Vol. 5.1
Fall 2015; p. 12-14


by Dylan Fagundes

There is a current global need for clean and renewable energy sources. Fossil fuels are nonrenewable and are dwindling because of the growing cost and environmentally damaging retrieval techniques. So, the need for cheap and obtainable resources is greatly needed. An efficient and more feasible alternative option is solar energy.

Many people probably wonder: if renewable energy is so beneficial, why don’t we consume more of it? The answer to the question is that many of the renewable energy sources are more expensive to retrieve because they don’t receive subsidies on the level of fossil fuels. Combine that with the problem of storing wind, solar, and water-generated energy and fossil fuels still provide the bulk of our energy production. 

Although there has been an increased effort to promote renewable energy, a 2015 study by the US Energy Information Administration shows that utility-scale solar power, for example, produced only 0.16 percent of the total electricity in the United States. 

In recent years individuals have also seen the benefits of getting solar panels by utilizing private companies to install them, and they do cut energy costs, but cannot alone make a house completely energy independent. 

Can home battery storage be a solution to issues faced by the intermittent output of home solar and wind technology? In the short term, it probably can, but as the penetration of renewables starts to grow in major economies, many think that battery storage at such scale will either simply be too expensive or not have enough capacity to solve some of the long-term issues. 

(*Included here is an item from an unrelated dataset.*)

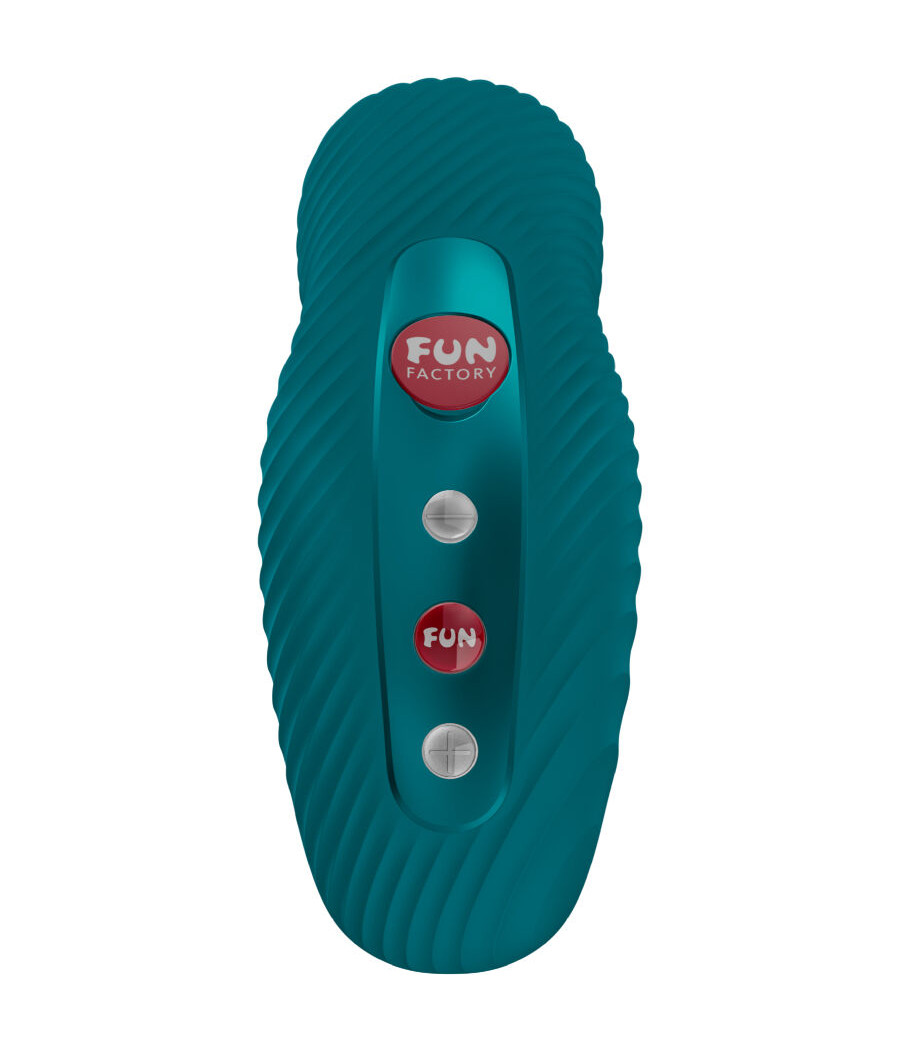 FUN FACTORY - LAYA III LAY-ON VIBRATOR FLASCHE GRÜN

Kaitlyn Arruda and Jaci Ahmed are two engineering students in their sophomore year at MIT. The two best friends, with a little help from free MIT service technical blogs, have successfully adapted an entire 5 acre farm to be completely powered by renewable energy. 

Kaitlyn, an electrical engineer, has aspired to off-grid living since she was a young farm girl living in the agricultural district of Sacramento, CA. Her passion for sustainable living grew through her teen years when she stumbled upon the works of Jacque Fresco’s resource-based economy and Venus city through National Geographic. On her 15th birthday her parents got her tickets to hear Jacque Fresco speak in Stockholm about natural-resource management and cybernetic technology automation. 

Her freshman year, Kaitlyn took up electrical engineering with a conentration in agriculture engineering. She excelled in her first year and received high honors and a prestigious internship at the Tesla facility in Silicon Valley the summer going into her sophomore year. There, Kaitlyn worked alongside Robert Kilstein (one of Tesla’s co-founders and battery developers) to test newly created batteries considered four times more efficient, less costly, and smaller than lithium batteries used for industrial energy storage. Kaitlyn got the chance to live her dream of being at the hub of the near renewable future. She witnessed Tesla prototype electric sports cars, mag rail concept designs, and even breakthrough nano carbon computer processors that will allow major leaps in computation power without the need of conflict minerals. But as soon as Kaitlyn witnessed the Tesla batteries, that was all she could think about.

The very same day Kaitlyn took a tour through the facility, she asked Robert Kilstein if it was possible to store enough energy to power a house with a Tesla battery. Kilstein replied “no.” Kaitlyn was crushed and kept laughing out of embarrassment to even ask such a question to such a person. But then Kilstein followed up his answer, “Depending on the house and the renewable energy source, it will most likely take 3... Mine takes 4, but it’s very big.” Kaitlyn had just received the green light to turn her life long dream into reality. 

“Testing the battery’s capabilities kept initiating more and more confidence in the process of retrofitting a home to be completely renewable without immense cost or the lack of power stored in conventional batteries,” said Kaitlyn in an interview with the Boston Globe this year. “In this age it’s inexcusable to still rely on fossil fuels and coal...when technology has allowed us to gather significant amounts of energy off of the sun, wind, and water.” But Kaitlyn pointed out that these modes of energy had existed for nearly a hundred years (coal and fuel lobbying congressional ordinance aside). The issue now is how to make homes self sustaining through a cost effective and efficient way to store the energy, or to pool energy into a massive grid that an entire renewable energy powered neighborhood could share. 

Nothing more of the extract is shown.